▶ ASSIGNMENT
Extract the whole listing as it stands. Do not include the pictures.

▶ AVAILABLE DATA

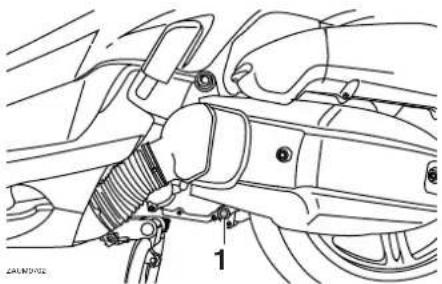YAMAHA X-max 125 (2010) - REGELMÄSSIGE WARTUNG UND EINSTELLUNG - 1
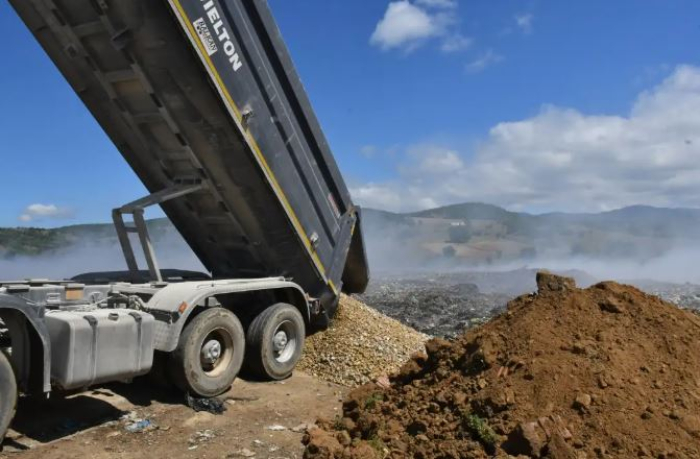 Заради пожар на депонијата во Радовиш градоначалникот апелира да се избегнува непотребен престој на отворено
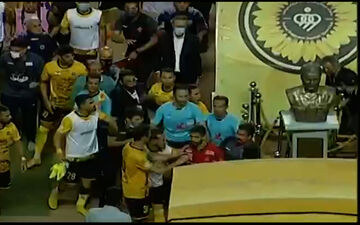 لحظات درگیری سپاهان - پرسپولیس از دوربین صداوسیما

▶ RESULT FOR THIS TASK
YAMAHA X-max 125 (2010) - REGELMÄSSIGE WARTUNG UND EINSTELLUNG - 1
 Заради пожар на депонијата во Радовиш градоначалникот апелира да се избегнува непотребен престој на отворено
 لحظات درگیری سپاهان - پرسپولیس از دوربین صداوسیما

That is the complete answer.